Starting with the line below that holds "Клавіатура Logitech MX" and stopping after the line that holds "Northern European vs", transcribe the lines exactly, leaving out all pictures.

GIVEN DATA »
>>>

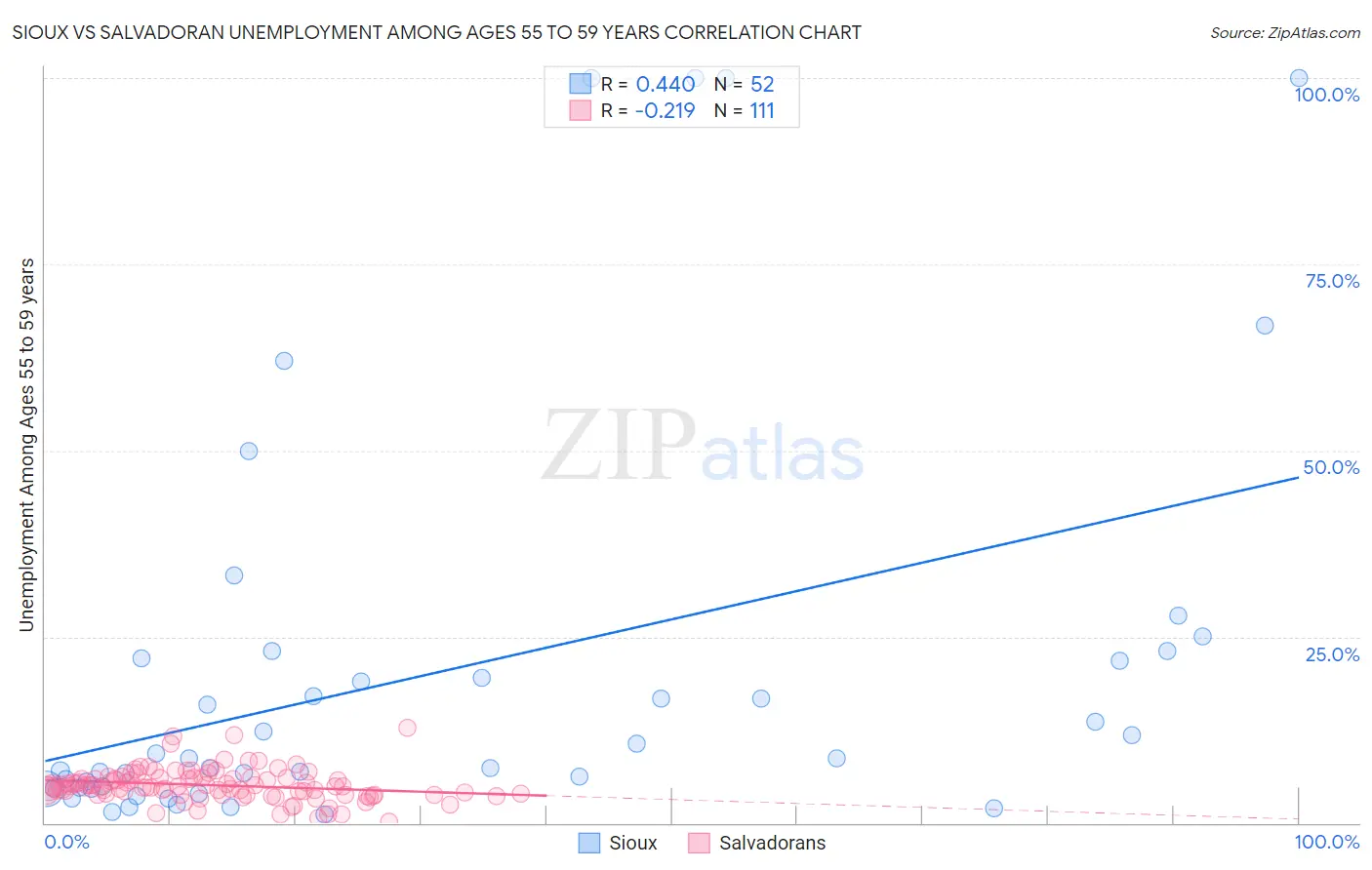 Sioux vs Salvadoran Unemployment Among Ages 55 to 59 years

<<<
>>>

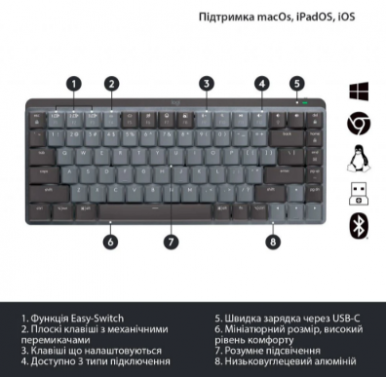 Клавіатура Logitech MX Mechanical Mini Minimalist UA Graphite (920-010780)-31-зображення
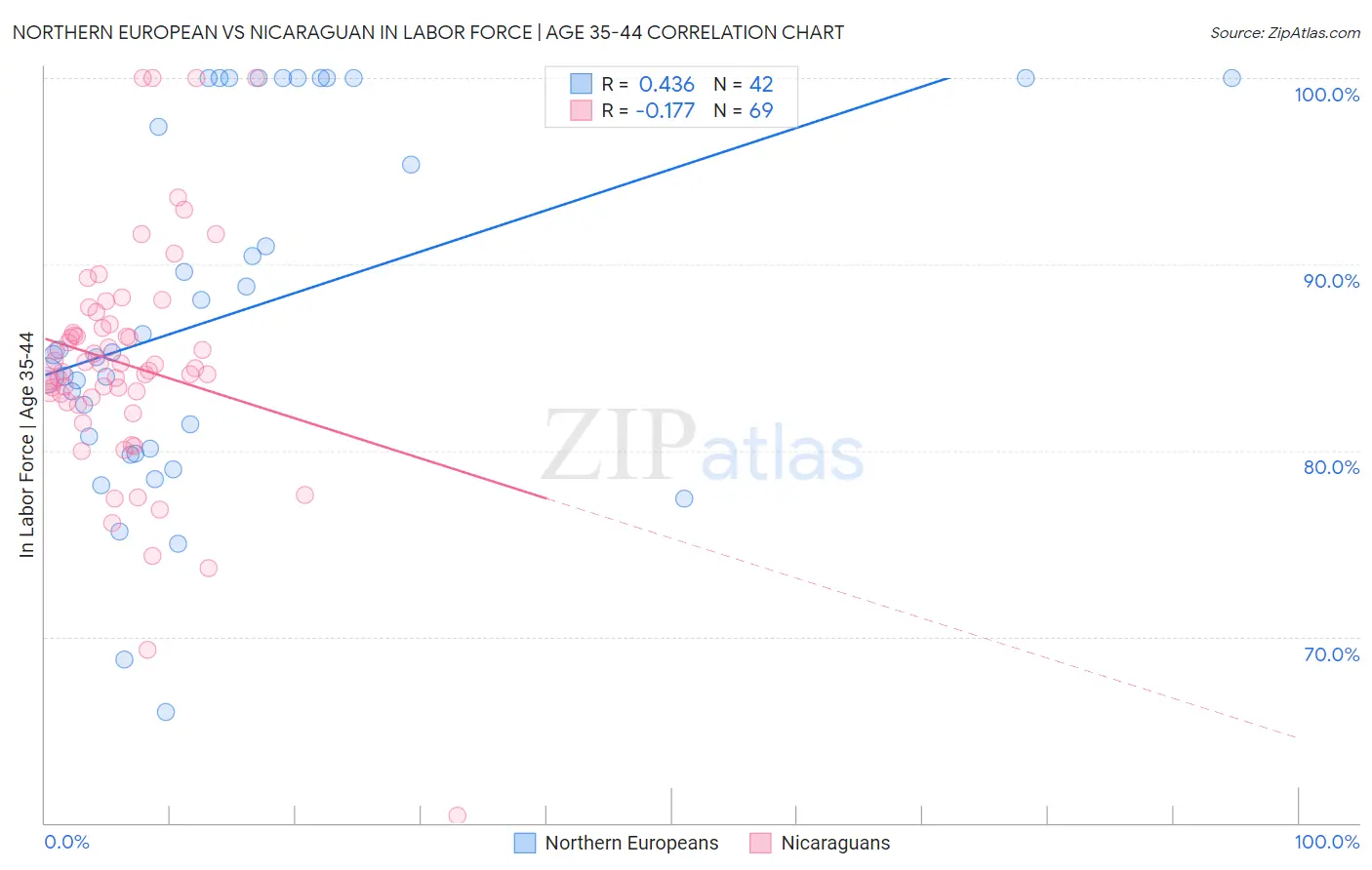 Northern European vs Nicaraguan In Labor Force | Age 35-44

<<<
>>>

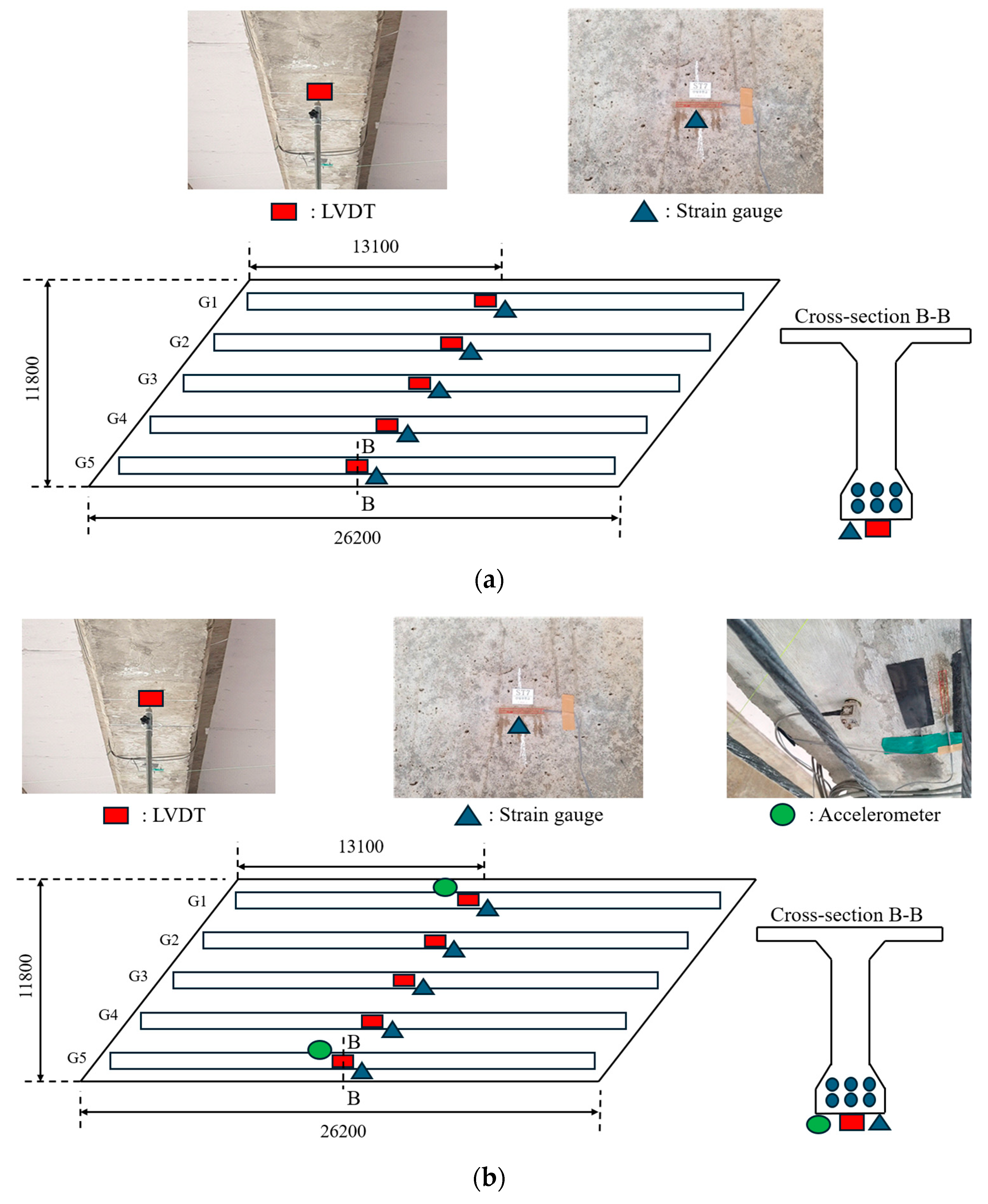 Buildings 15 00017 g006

<<<

OUTPUT OF THE EXERCISE »
 Клавіатура Logitech MX Mechanical Mini Minimalist UA Graphite (920-010780)-31-зображення
 Northern European vs Nicaraguan In Labor Force | Age 35-44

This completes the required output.